Last summer, my mother asked me to make cupcakes for the June birthdays. We have several in June and, in order to make it easy, we celebrate them all at once. Nevertheless, I forgot to make the cupcakes and I was on my way to the party when I remembered. “Oops,” or as Vivian, my daughter who never misses an opportunity to repeat a cuss word, noted from the back seat, “Oops” was more like a cuss word or three.
While I live in the country, I don’t live too far from civilization, and in truth the grocery is only a few minutes away. This would be fine if I didn’t dislike their cupcakes; they are always coated in blue icing, a color blue that doesn’t exist in nature. Lynnie goes bonkers when she eats them and this “crazy town” buzz last no less than two days. Not only won’t I do that to her, but I also won’t do that to myself. Fortunately, a call to my small town cupcake shop found it still open. They make fantastic cupcakes and the owner hooked me up in a big way, just as she was closing for the day. Crisis averted.
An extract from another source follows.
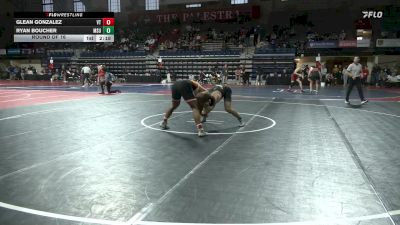 184 lbs Round Of 16 - Glean Gonzalez, Virginia Tech vs Ryan Boucher, Michigan State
But this sinking feeling is the reason I always keep a loaf of bread in the freezer, a well-stocked pantry, and products like smoked salmon on hand. I know, I know, the smoked salmon came out of nowhere. But in truth I do keep a package or two of Cryovac-ed, hot-smoked salmon on hand to use in emergencies, in one of my favorite appetizers.
Let’s talk salmon for a minute — there are multiple products out there called smoked salmon but they aren’t all the same. I am talking about hot-smoked Alaskan salmon: antiqued and tanned, the color of a leather Ralph Lauren couch housed somewhere in a hand-hewn log lodge in the wilds of Montana. Classic and full character, not like pink cured salmon or lox or cold-smoked cured salmon. All are good, but what I am looking for here is a side of fish that is dug into with a spoon, served on hearty whole grain crackers or rye, not slices laid on toasted bagels.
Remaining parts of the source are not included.